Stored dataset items

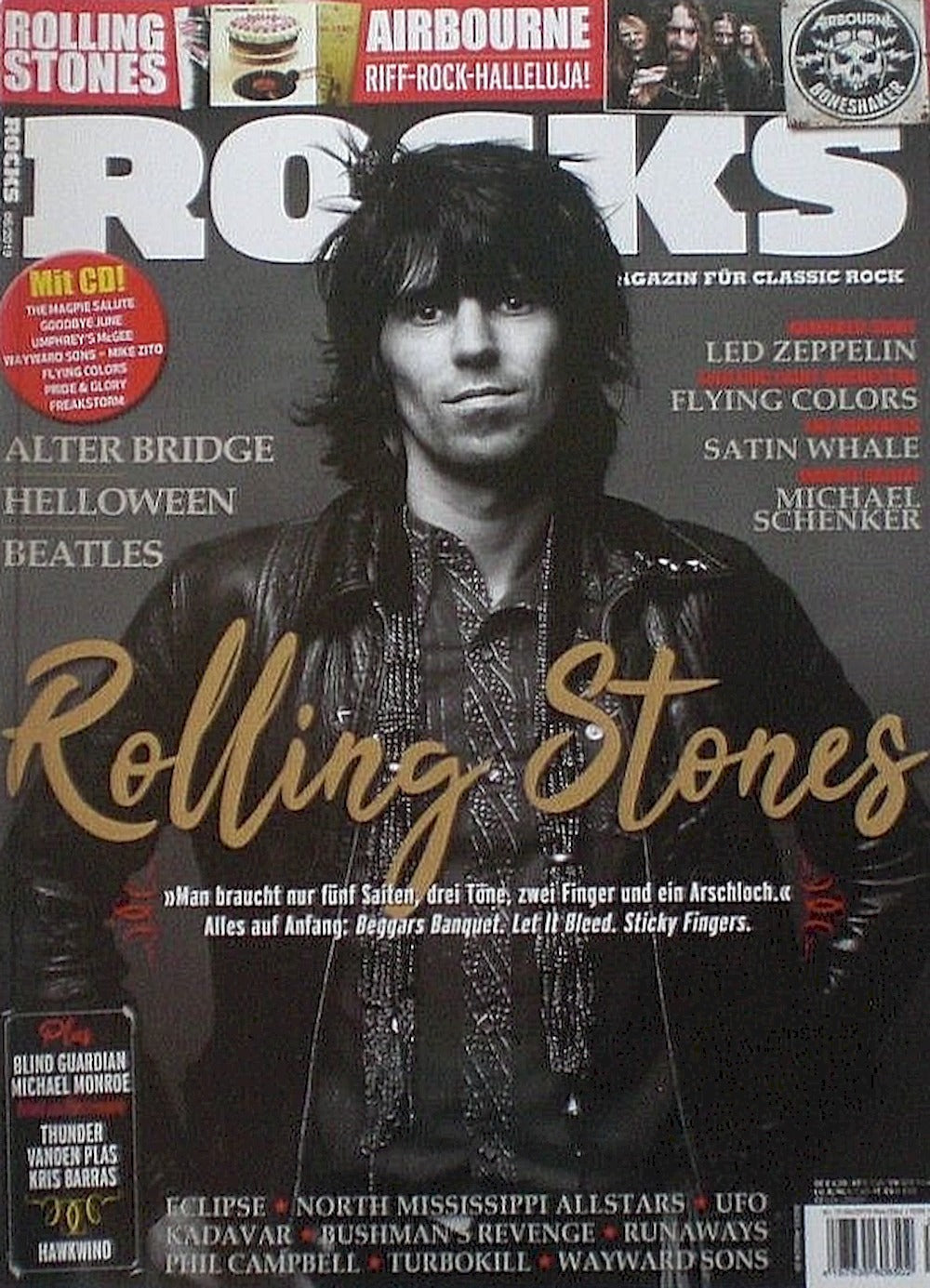 Rocks Magazin Deutschland 2019-06 Rolling Stones #73 + CD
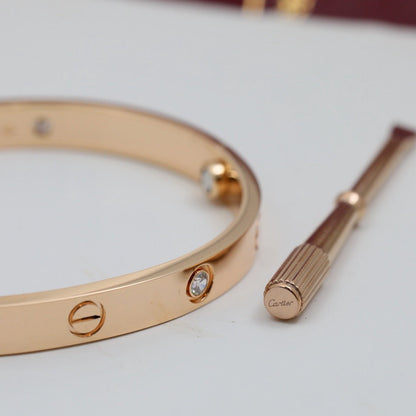 [Camiery] LOVE BRACELET 6.1MM 4 DIAMONDS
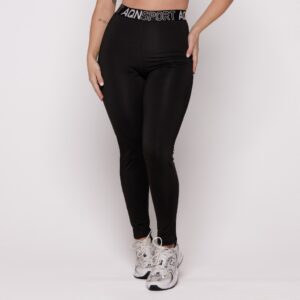 Calça Legging Academia Fitness Marinho Preto Cinza Mescla Cós Alto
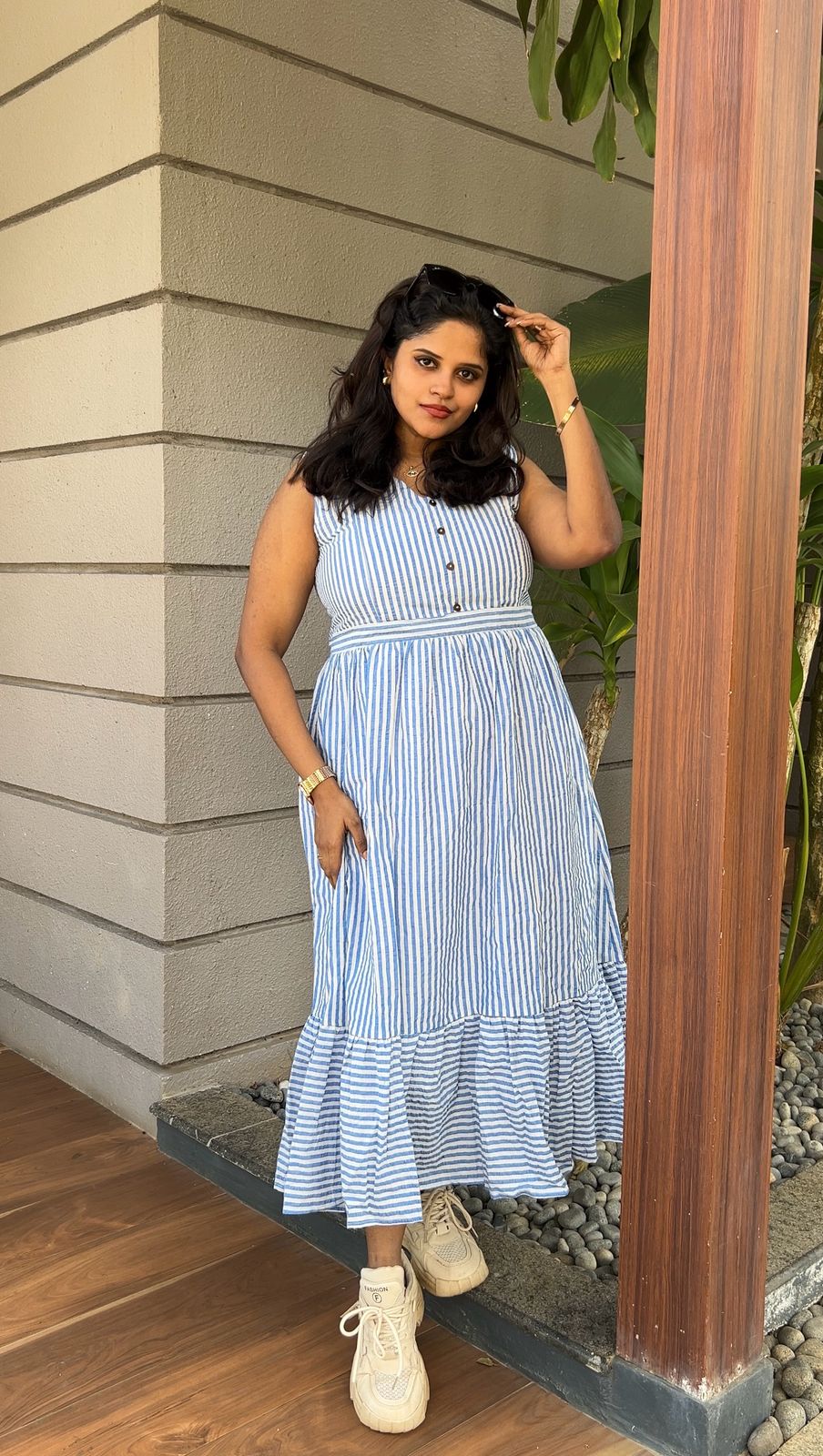 Seaside Maternity Feeding Dress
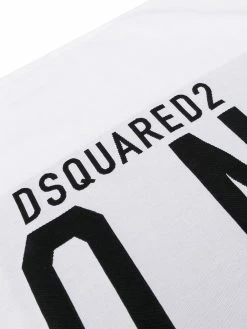 Dsquared2 serviette à logo imprimé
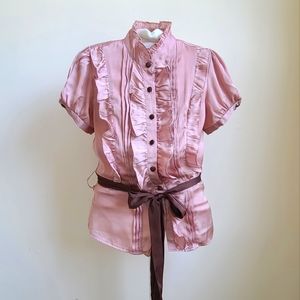 Mauve/Rose Ruffle Blouse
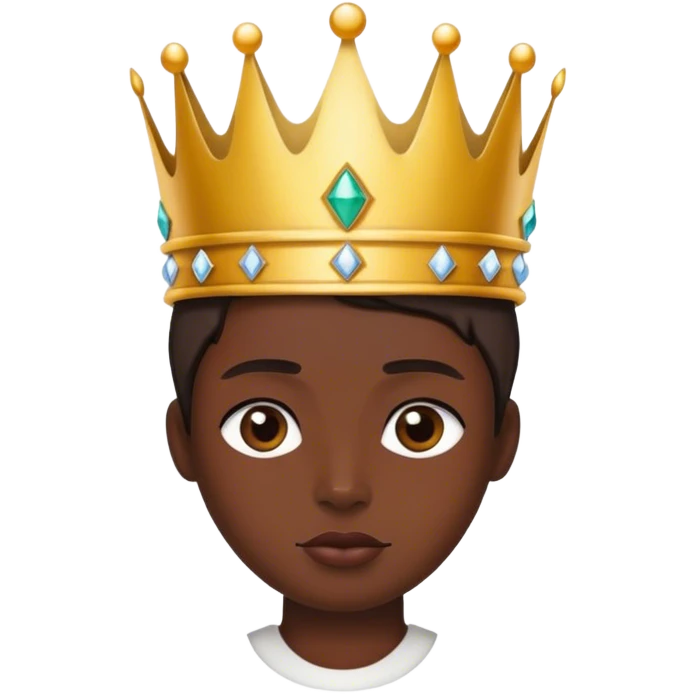 Wearing a crown emoji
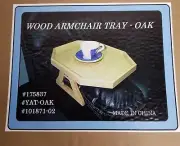 Vintage Wood Armchair Tray - Oak - New Old Stock in Sealed Box@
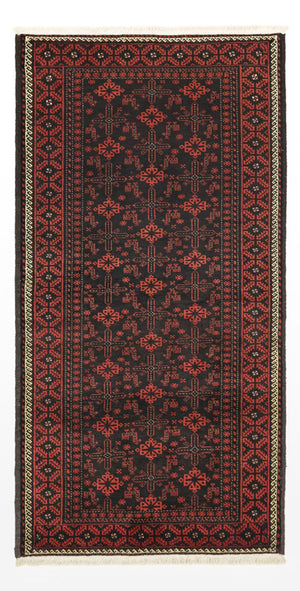 Loper Baluch tapijt - 204 x 102 cm - donkerrood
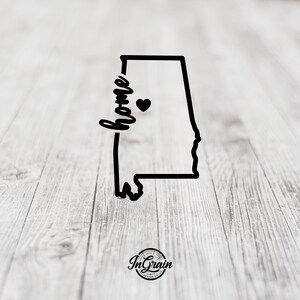 Alabama Svg — Home Svg — State Svg — Pride Svg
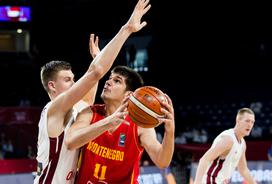 Latvija Črna gora Eurobasket osmina finala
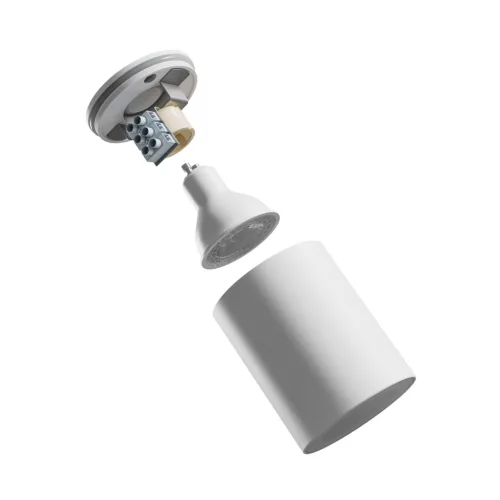 CHLOE GU10 GU10 250V IP44 70X90MM WHITE ROUND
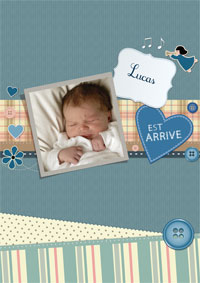 Scrapbooking pour un garçon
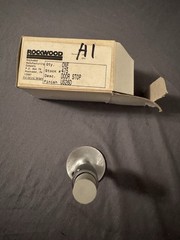 Rockwood 475 US26D Heavy Duty Floor Door Stop 3-3/4″ Extra Tall Satin Chrome NOS
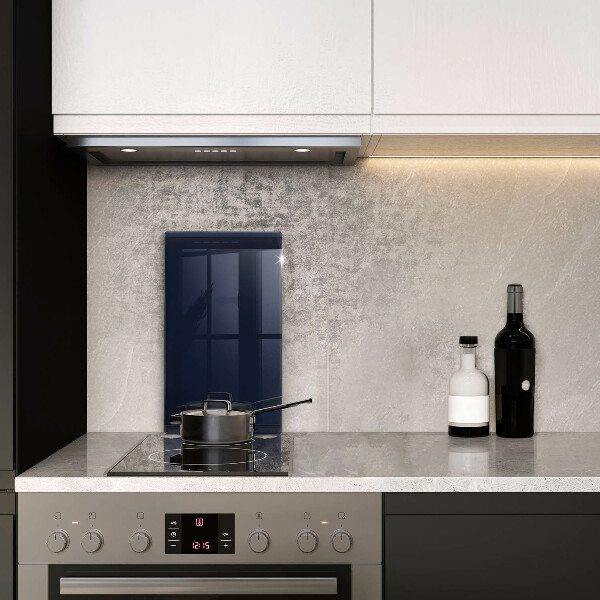 Tabla de cortar de vidrio Azul marino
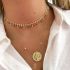 DANGLING RAINBOW CHOKER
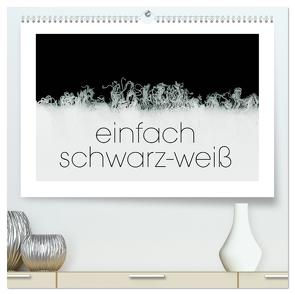 einfach schwarz-weiß (hochwertiger Premium Wandkalender 2024 DIN A2 quer), Kunstdruck in Hochglanz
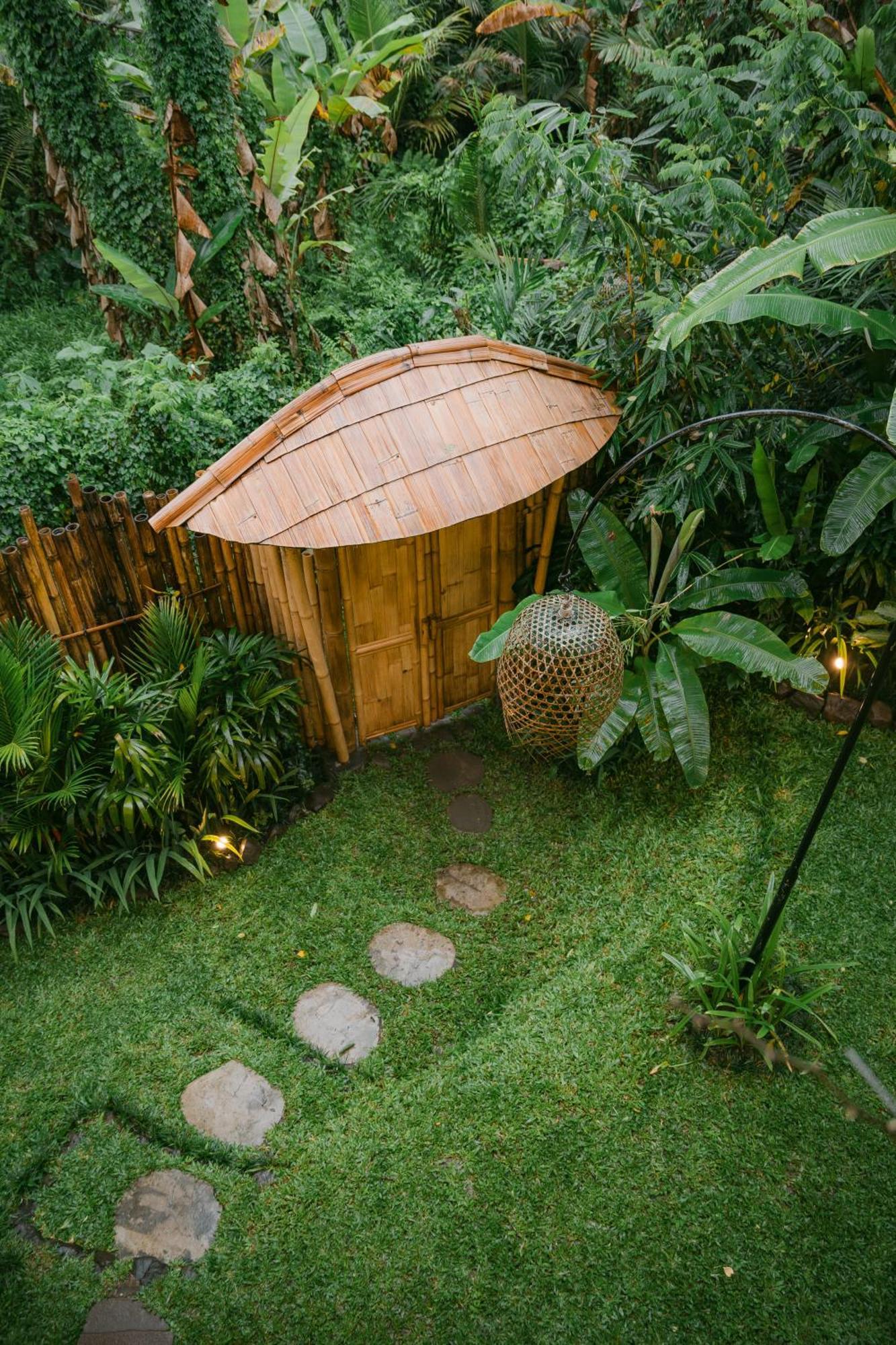 Alamvaya Bali Bamboo House Villa Sidemen  Exteriör bild
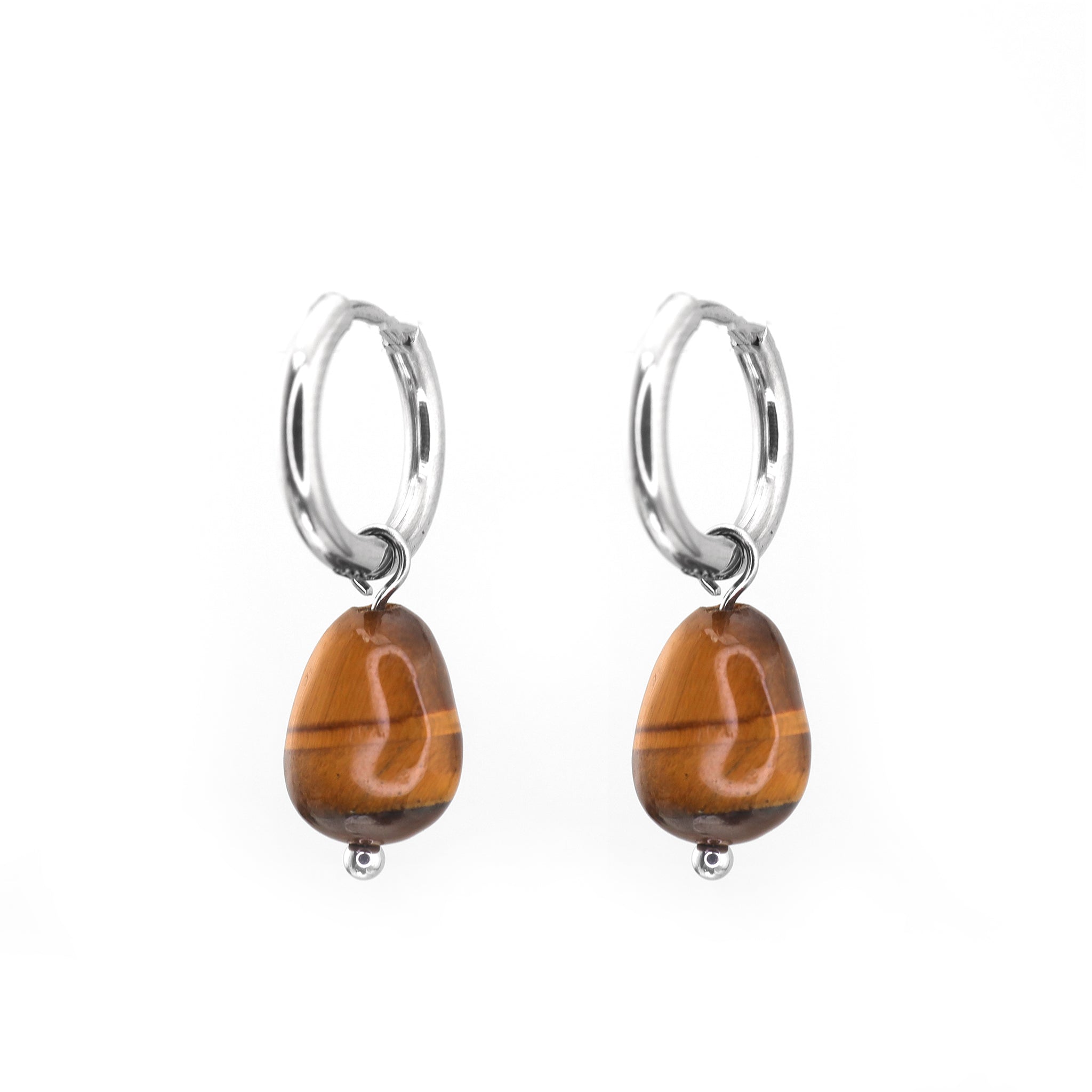 Wood Grain Minimalist stainless steel Pendant Earring ph1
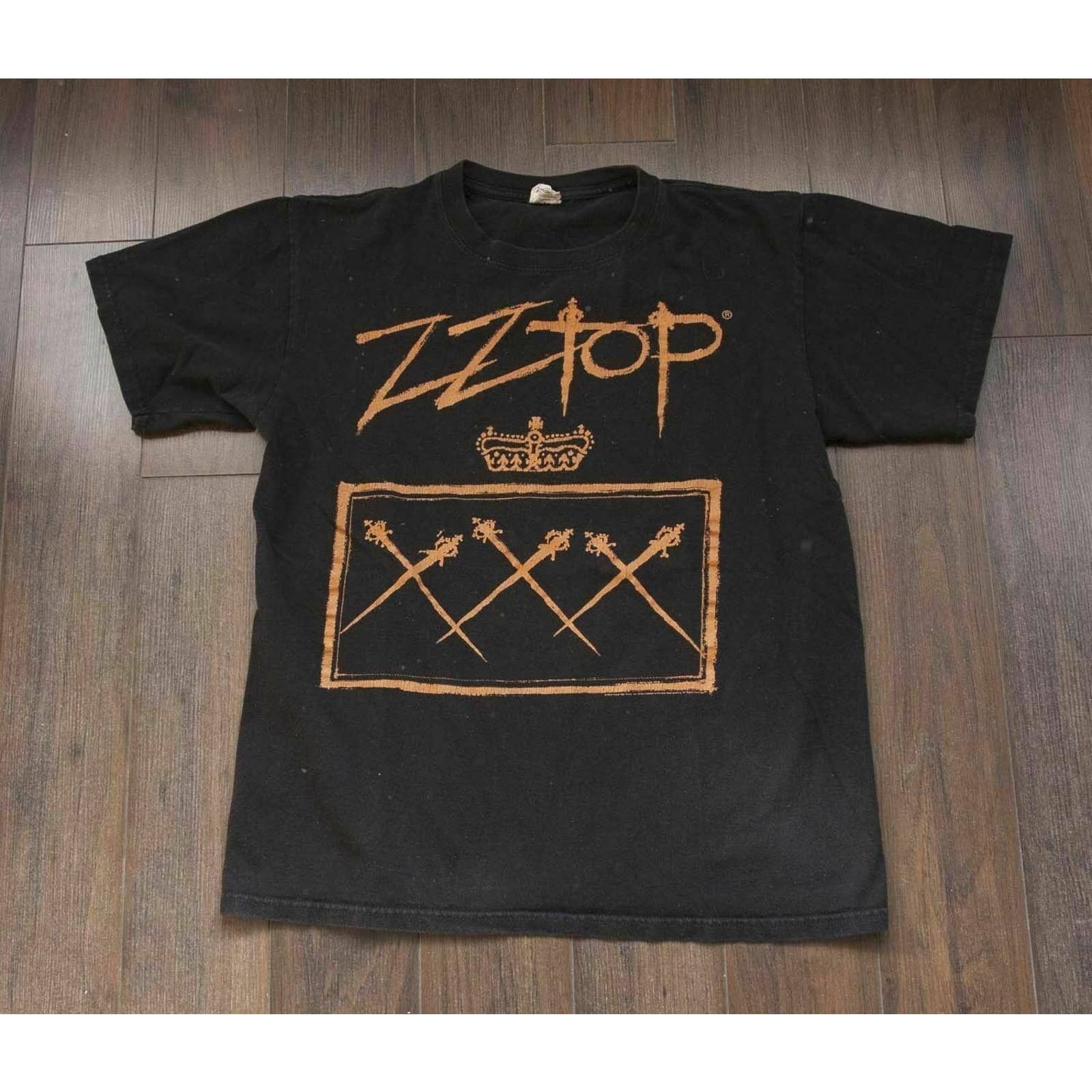 Anvil × Band Tees ZZ Top T Shirt 2012 Tour size M Size US M / EU 48-50 / 2 - 1 Thumbnail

### Task details:
Set each line of the records down again exactly as it reads. Omit the pictures.

### Response area:
 Rocks Magazin Deutschland 2019-06 Rolling Stones #73 + CD
 [Camiery] LOVE BRACELET 6.1MM 4 DIAMONDS
 Calça Legging Academia Fitness Marinho Preto Cinza Mescla Cós Alto
 Seaside Maternity Feeding Dress
 Dsquared2 serviette à logo imprimé
 Mauve/Rose Ruffle Blouse
 Wearing a crown emoji
 Vintage Wood Armchair Tray - Oak - New Old Stock in Sealed Box@
 Loper Baluch tapijt - 204 x 102 cm - donkerrood
 Alabama Svg — Home Svg — State Svg — Pride Svg
 Latvija Črna gora Eurobasket osmina finala
 CHLOE GU10 GU10 250V IP44 70X90MM WHITE ROUND
 Scrapbooking pour un garçon
 Rockwood 475 US26D Heavy Duty Floor Door Stop 3-3/4″ Extra Tall Satin Chrome NOS
 Tabla de cortar de vidrio Azul marino
 DANGLING RAINBOW CHOKER
 einfach schwarz-weiß (hochwertiger Premium Wandkalender 2024 DIN A2 quer), Kunstdruck in Hochglanz
 Alamvaya Bali Bamboo House Villa Sidemen  Exteriör bild
 Wood Grain Minimalist stainless steel Pendant Earring ph1
 Anvil × Band Tees ZZ Top T Shirt 2012 Tour size M Size US M / EU 48-50 / 2 - 1 Thumbnail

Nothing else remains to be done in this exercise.